Right now, I am stuck in the "how to know."  I truly do believe that it is our work to love those who come onto our paths--to raise the level of love on the planet.  How else can we make the world a better place?  Yet, I am also sure that God wants us to love ourselves. Yet  to allow someone to continue bringing misery into my life isn't raising the level of love.

Some would say that we should just let the meanness roll over us and to not allow it to make me miserable. I may even have said that a few dozen times myself.  Now I have learned that isn't so easily done.  When someone pummels me, day in and day out for years,  I do feel the pain.  Maybe my work is to say, "I deserve better."

Today, I sit with what my work is. Once it was very clear that I am to love.  When I was much younger, my work was just to survive.  Both very black and white.  Today, I sink into the shades of gray and listen for a new Truth.




Saturday, March 7, 2015

Friendship

I am taking a course in the Psychology of Happiness, and as homework I've just spent several hours reading about and reflecting on "friendship."  It seems that having one good friend with whom we can share confidences or inner feelings is essential to happiness.  The value of friendship is in quality and not quantity, so if we have 20 friends but none with whom we can share our innermost thoughts, they are of less value than one with whom we can share.  And, that one: will not only make us happier, but healthier as well.

While reading Aristotle on the nature of friendship is not exactly the light reading I might prefer for a Saturday afternoon, the ancient philosopher does raise a lot of questions about the true nature of friendship.  Are we friends because of something we get from a person?  Aristotle calls that "utility," and he professes that is not friendship but "profit."  He also describes friendship of "duty," and friendship that is really love to gain love in return.

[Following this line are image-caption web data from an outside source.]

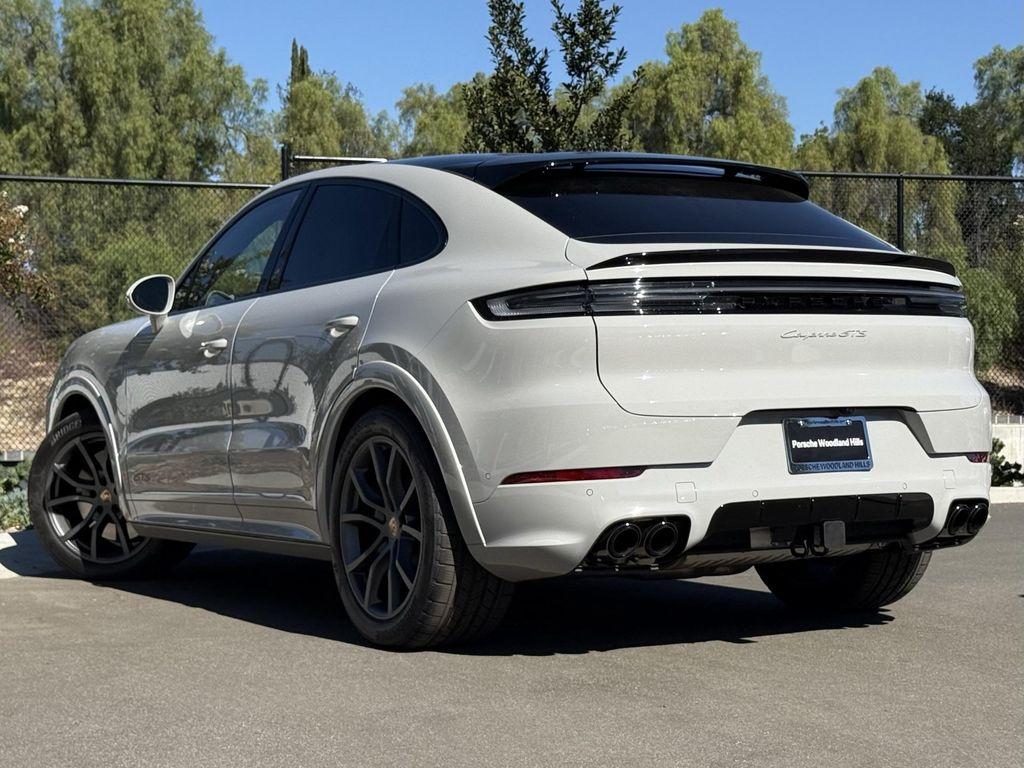 new 2025 Porsche Cayenne car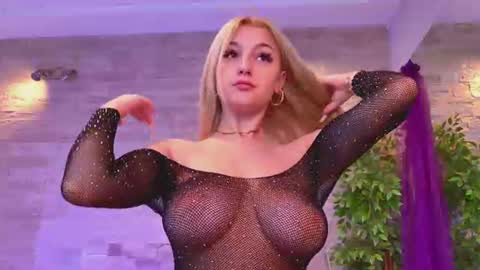 angelinsin online show from 06/29/26, 05:14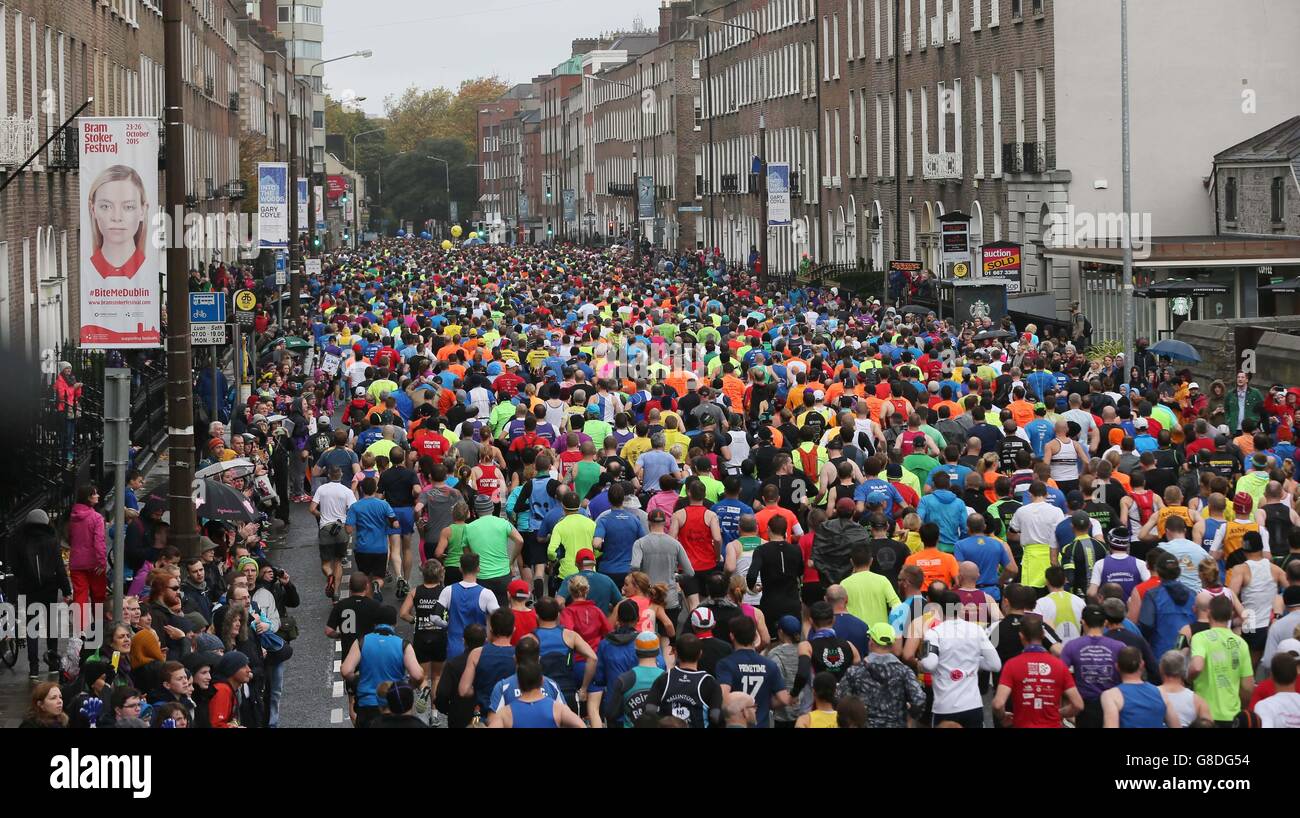 36th Maratón de la ciudad de Dublín. Corredores en el inicio de la maratón de Dublín 36th en Dublín, Irlanda. Foto de stock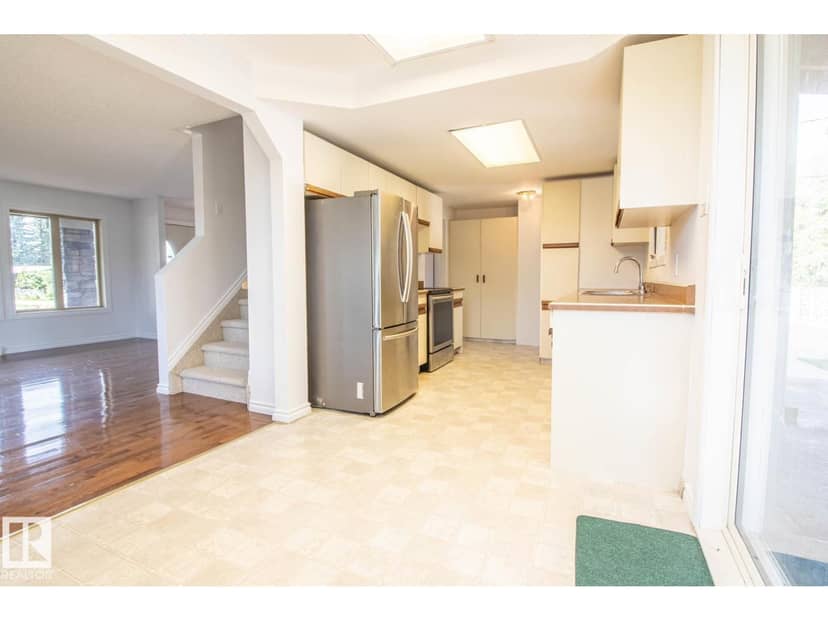 6804 102A AV NW, Edmonton, photo 7
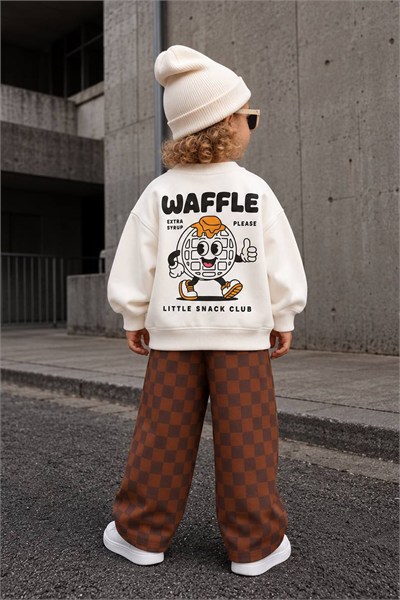 Erkek Çocuk 3 İplik Pamuklu Ekru Waffle Baskılı Sweatshirt ve Kahverengi Kareli Alt Üst Takım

What has interested me most in his intellectual/philosophical meanderings is the description of a friendship of pure delight in each other's company, where we love without concern of being loved in return.  Now, that's what I call friendship.  In my experience such friendships are rare to be preciously tended.

Forty years ago, give or take, I walked into a room in an aging dormitory building to meet a new roommate.  In less than 30 minutes time, I was certain we would be friends for life, and so far, I have been correct. We have gone long periods without seeing each other face to face, but usually talking at least once or twice a year.  Always, we seem to pick up just where we left off.

It never occurred to me to be concerned that I would get anything from the relationship but pure delight.  Each time we are together that is exactly what I feel--pure delight.

Last weekend she and I met for the weekend in New York City.  We tromped all over Manhattan, taking on the mysteries of the New York subway system and seeing as many sites as we could take in during two days.  I even walked 12 blocks once, just to end up almost from where I departed. Despite bitter cold and an unexpectedly early snowstorm, we embraced the city with gusto, talking for hours on end into the night.  The years peeled away, and we were 20 again. Well, except for some gray hair and a few lines.

I still have lots of Aristotle to plow through, but so far I've read nothing to suggest that he really got that instant relationship that "clicks" for a lifetime.  Having had such a friendship is a gift of my lifetime.  What a blessing that such a miracle crossed through my life, and I had the wisdom and dexterity to grab it.